**** Data for analysis ****

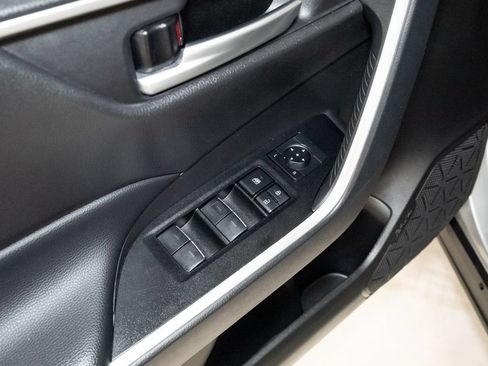 Used 2025 Toyota RAV4 XLE AWD/4WD image 10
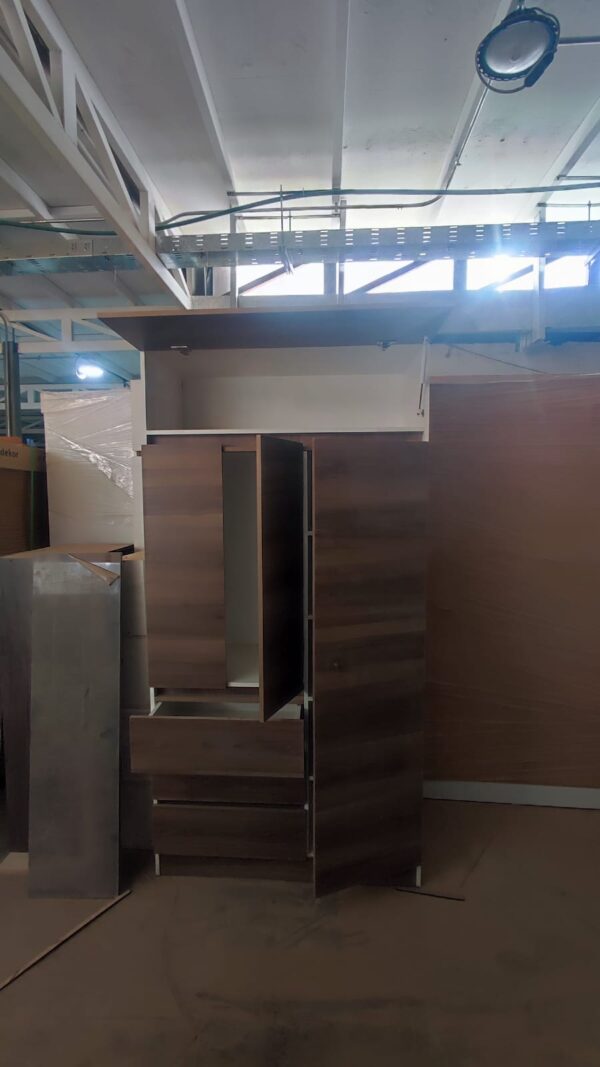 Closet-marron-2.jpeg Clóset Ropero 3 Puertas con Maletero Roraima | Armario Organizador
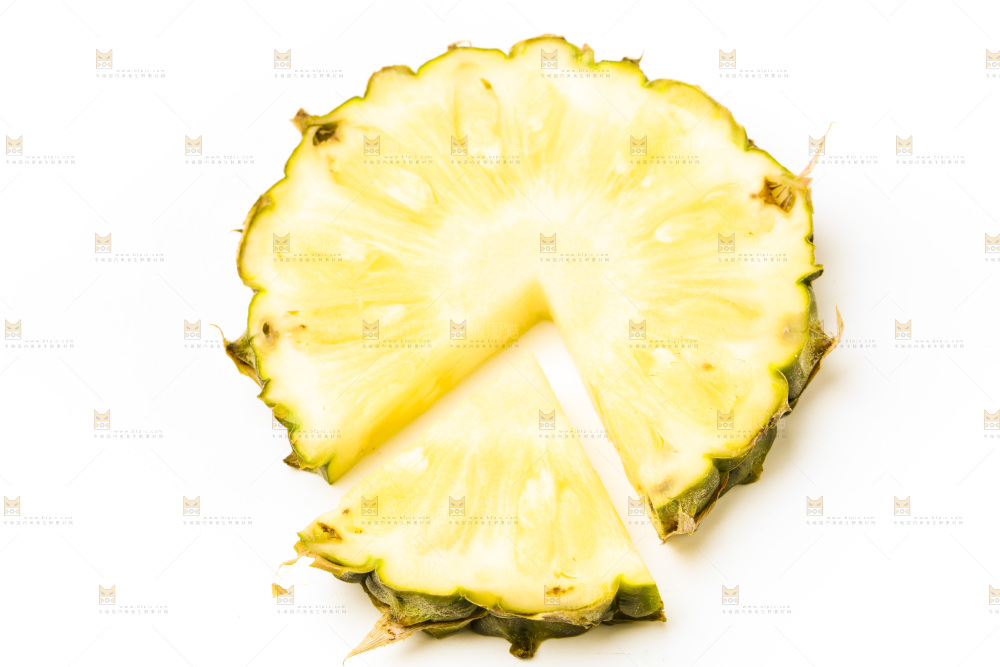 白底上摆放着海南凤梨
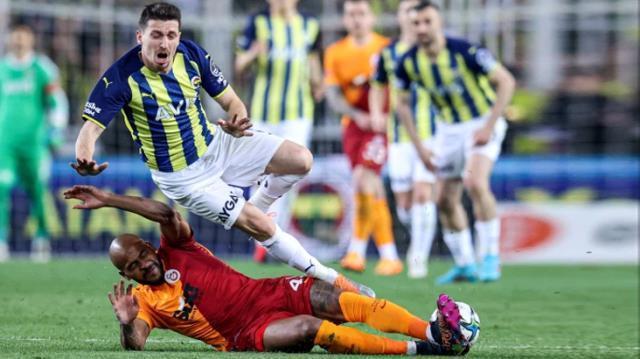 Dünya, Mert Hakan Yandaş'la dalga geçiyor! Derbideki hareketiyle çocuğa benzetildi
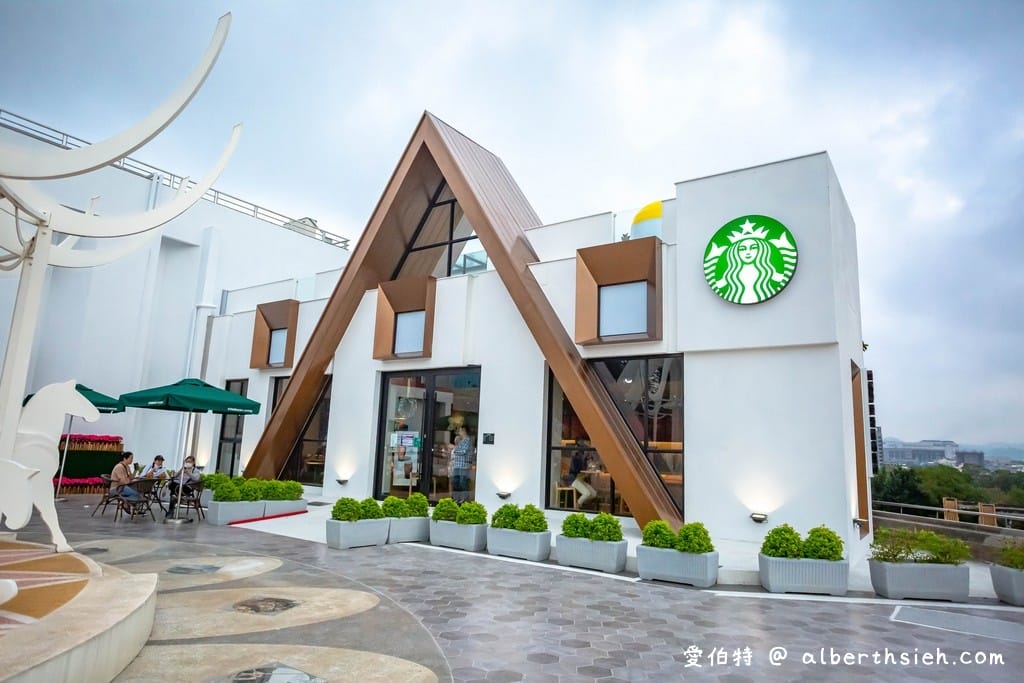 星巴克夢幻積木城堡門市.台中泰安南門市(積木城堡搭配白色旋轉木馬超浪漫) - 第7張圖 星巴克夢幻積木城堡門市.台中泰安南門市(積木城堡搭配白色旋轉木馬超浪漫)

****

▶ Your objective
Repeat every entry above word for word, and include no pictures.

▶ The completed task
 Used 2025 Toyota RAV4 XLE AWD/4WD image 10
 Closet-marron-2.jpeg Clóset Ropero 3 Puertas con Maletero Roraima | Armario Organizador
 白底上摆放着海南凤梨
 Dünya, Mert Hakan Yandaş'la dalga geçiyor! Derbideki hareketiyle çocuğa benzetildi
 星巴克夢幻積木城堡門市.台中泰安南門市(積木城堡搭配白色旋轉木馬超浪漫) - 第7張圖 星巴克夢幻積木城堡門市.台中泰安南門市(積木城堡搭配白色旋轉木馬超浪漫)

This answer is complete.